Ce premier film pakistanais frappe
d'abord par son univers singulier, ses choix formels délibérés
et assumés. Un cadre en 4/3 qui ici n'a rien d'enfermant,
des éclairages chauds et doux donnant une impression de sensualité
sans aucun effet racoleur, un récit plein d'ellipses qui
laisse la part belle à l'imaginaire du spectateur, une photographie
très étudiée par ses cadrages décalés,
ses mises au point changeantes, ses zooms sans fin…
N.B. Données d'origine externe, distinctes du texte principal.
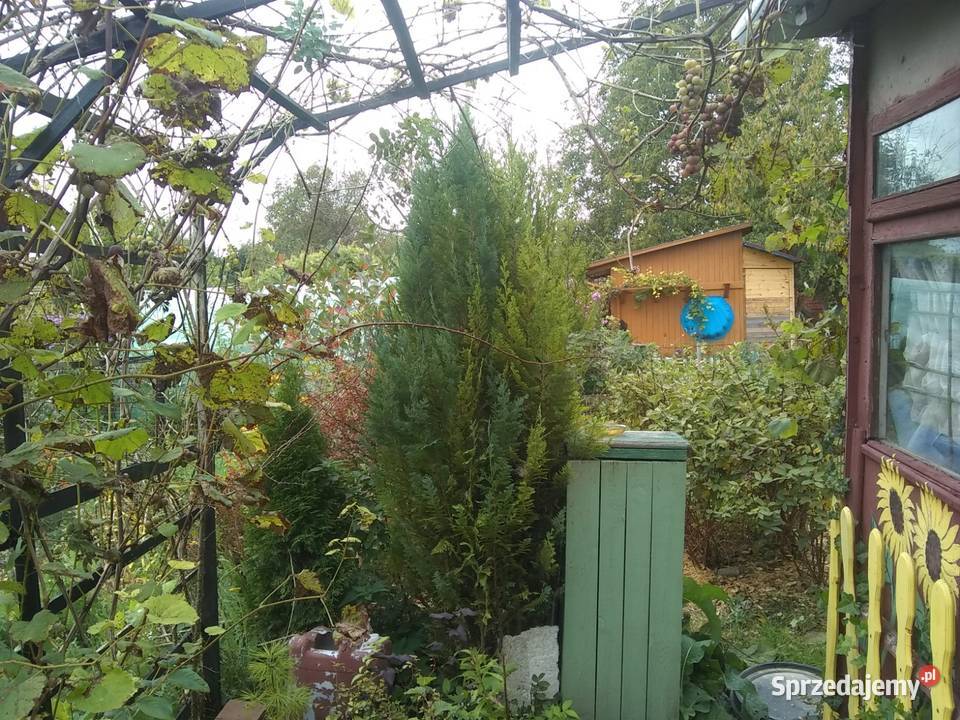 Działka ROD Żeromskiego 300m2 Grunty i działki Ostrowiec Świętokrzyski sprzedam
Toute cette très belle facture s'évanouit brutalement
lors des scènes de cabaret, plus crues, froides, laissant
transparaitre une certaine laideur, une sorte d'amateurisme voulu.
Il y a un écart vertigineux entre la délicatesse infinie
de l'image d'un linceul, un nœud sur un tissu blanc, et une
demi-douzaine de danseurs pas très assurés se trémoussant
de façon un peu vulgaire sur une musique sans âme.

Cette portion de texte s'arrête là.